Birçokları için, Samsung adı araba yapımı ile eş anlamlı değildir, ancak meselenin gerçeği, Samsung’daki Güney Korelilerin bir süredir otomobil işine dahil olmalarıdır. Diğer Koreli otomobil markaları (Kia, Hyunday ve SsangYong) kadar iyi bilinmemelerine rağmen, Samsung Motors kendi adına bir isim yapmayı başardı.
Marka 1994 yılında kuruldu, ancak ilk otomobilin fabrika kapısından çıkması 1998 yılına kadar mümkün olmayacaktı. O zamana kadar Güney Kore, tüm Asya kıtasını ele geçiren bir ekonomik krizin içindeydi. Şirketi ayakta tutmak için bir ortak aramaya zorlanan Samsung, 1998’de Fransız otomobil üreticisi Renault ile müzakerelere başladı. Devralma, Renault’nun toplam 512 milyon $ karşılığında şirket hisselerinin %70’ini satın aldığı 2000 yılında tamamlandı.
Samsung imparatorluğunun kurucusu Kun Hee Lee, şirketini diğer yan kuruluşları Samsung Electrics ve Samsung Electronics’in yardımıyla sağlayacağını düşündüğü için otomobil yapma işine girmeye karar verdi.

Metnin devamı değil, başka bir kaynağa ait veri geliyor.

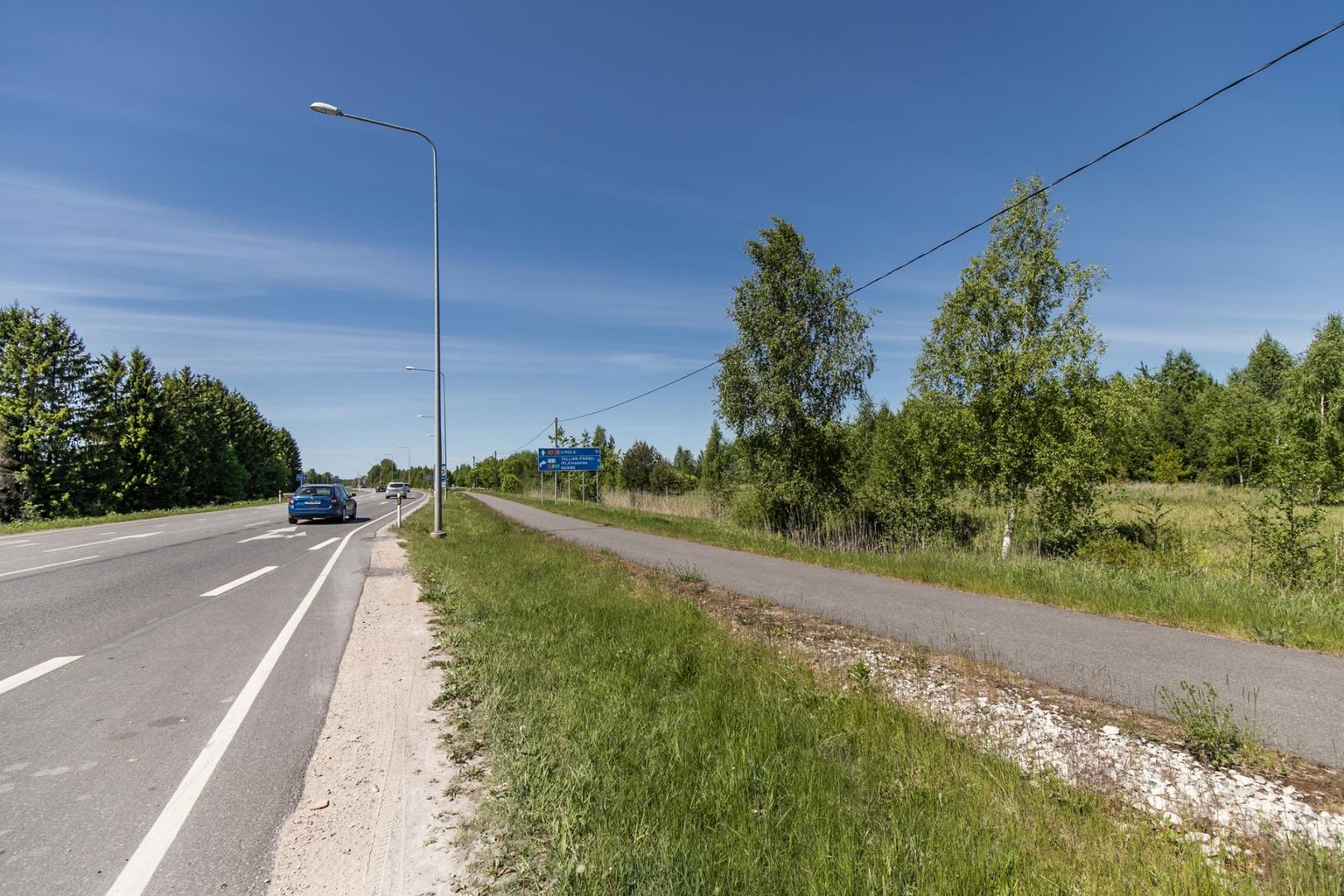 Tootmiseks vajaliku elektrivõimsuse, tehnoühendused, logistikanõuded ja laienemisvõimalused tagavat hästi Hiiuserva kinnistu ehk 6,47 hektarit Pärnu külje all Papsaare külas.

Kağıt üzerinde fena fikir değil ama kriz vurur vurmaz satmak zorunda kaldı.
O zamanlar, Daewoo ve Hyundai de dahil olmak üzere birçok Koreli otomobil şirketi anlaşmayla ilgileniyor gibiydi, ancak sonunda kazanan Renault oldu, özellikle de şu anda Renault’nun büyük bir hissedarı olduğu Samsung ve Nissan arasındaki yakın bağ nedeniyle. Nissan’ın Samsung ile ortaklığı, motorlar ve teknik desteğin yanı sıra değerli uzmanlığı da içeriyordu.
Bu, bugün Samsung markası altında ortaya çıkan modellerin çoğunun mevcut Nissan modellerine dayandığı anlamına geliyor. Örneğin, SM3 Nissan Bluebird’e, SM5 Nissan Cefiro ve Nissan Maxima’ya ve SM7 Nissan Teana’ya dayanmaktadır.
Renault’nun yaptıklarının genel olarak marka üzerinde çok az etkisi oldu ve analistler, Samsung’un yalnızca Fransızların Asya otomobil pazarına girmesi için bir yol olarak hareket ettiğini düşünüyor. Şu anda otomobil üretiminde oynadığı rol ne olursa olsun, Renault bir lisans anlaşması nedeniyle 2020 yılına kadar Samsung markasını elinde tutmaya devam edecek.